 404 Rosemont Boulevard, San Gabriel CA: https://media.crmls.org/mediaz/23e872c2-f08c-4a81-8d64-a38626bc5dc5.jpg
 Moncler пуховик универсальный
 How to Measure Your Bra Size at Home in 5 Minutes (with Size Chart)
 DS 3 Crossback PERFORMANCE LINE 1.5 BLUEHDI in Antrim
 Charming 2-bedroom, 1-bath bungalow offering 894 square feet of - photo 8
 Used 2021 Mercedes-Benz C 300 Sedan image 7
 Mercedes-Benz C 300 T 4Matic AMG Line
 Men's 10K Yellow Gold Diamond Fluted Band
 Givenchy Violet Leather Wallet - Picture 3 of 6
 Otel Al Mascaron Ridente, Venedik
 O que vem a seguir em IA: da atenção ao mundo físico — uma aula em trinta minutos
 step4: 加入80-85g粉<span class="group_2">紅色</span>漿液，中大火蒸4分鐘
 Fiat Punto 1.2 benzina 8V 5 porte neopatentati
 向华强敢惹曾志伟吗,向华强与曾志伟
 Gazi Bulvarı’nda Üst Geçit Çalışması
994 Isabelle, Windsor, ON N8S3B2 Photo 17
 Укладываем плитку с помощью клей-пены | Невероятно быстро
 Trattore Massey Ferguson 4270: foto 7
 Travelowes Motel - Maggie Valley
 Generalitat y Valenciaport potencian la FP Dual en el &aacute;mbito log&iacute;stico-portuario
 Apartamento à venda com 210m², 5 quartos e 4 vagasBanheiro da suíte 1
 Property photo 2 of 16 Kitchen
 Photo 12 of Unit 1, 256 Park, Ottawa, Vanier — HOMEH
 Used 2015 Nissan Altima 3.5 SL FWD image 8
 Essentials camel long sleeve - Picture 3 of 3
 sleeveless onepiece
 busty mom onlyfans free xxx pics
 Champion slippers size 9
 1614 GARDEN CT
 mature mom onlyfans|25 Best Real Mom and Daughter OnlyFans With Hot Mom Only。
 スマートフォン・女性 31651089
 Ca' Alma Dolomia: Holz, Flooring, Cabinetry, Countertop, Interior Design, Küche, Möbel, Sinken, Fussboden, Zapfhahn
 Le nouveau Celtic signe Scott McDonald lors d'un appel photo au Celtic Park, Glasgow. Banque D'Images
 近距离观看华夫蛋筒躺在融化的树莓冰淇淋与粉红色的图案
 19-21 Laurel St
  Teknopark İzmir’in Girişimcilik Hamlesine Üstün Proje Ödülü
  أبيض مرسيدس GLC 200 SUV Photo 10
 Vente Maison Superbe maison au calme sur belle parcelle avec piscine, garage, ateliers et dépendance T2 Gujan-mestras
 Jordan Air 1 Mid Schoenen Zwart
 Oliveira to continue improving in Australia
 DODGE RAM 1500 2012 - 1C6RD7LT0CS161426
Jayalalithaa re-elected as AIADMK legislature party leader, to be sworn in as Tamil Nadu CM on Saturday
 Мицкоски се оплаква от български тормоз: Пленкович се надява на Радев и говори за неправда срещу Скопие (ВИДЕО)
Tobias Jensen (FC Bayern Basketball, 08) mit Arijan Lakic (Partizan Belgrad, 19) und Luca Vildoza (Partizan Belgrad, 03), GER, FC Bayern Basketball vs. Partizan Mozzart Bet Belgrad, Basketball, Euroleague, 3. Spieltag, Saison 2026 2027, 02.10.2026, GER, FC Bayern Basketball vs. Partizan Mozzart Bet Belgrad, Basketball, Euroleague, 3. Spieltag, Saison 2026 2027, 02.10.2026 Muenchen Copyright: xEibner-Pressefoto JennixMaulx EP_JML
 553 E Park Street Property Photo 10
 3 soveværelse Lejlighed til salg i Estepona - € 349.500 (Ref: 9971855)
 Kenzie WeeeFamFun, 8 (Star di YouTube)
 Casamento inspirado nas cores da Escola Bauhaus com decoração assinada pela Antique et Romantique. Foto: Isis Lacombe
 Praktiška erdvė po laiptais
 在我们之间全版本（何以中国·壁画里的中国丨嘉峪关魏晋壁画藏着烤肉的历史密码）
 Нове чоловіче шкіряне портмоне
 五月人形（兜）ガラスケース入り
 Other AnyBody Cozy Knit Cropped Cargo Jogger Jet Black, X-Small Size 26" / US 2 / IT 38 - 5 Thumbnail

================

**What you will do**
You are asked to reproduce word for word the line containing "五月人形（兜）ガラスケース入り" and every subsequent line through the end of the entries.

**Task response**
 五月人形（兜）ガラスケース入り
 Other AnyBody Cozy Knit Cropped Cargo Jogger Jet Black, X-Small Size 26" / US 2 / IT 38 - 5 Thumbnail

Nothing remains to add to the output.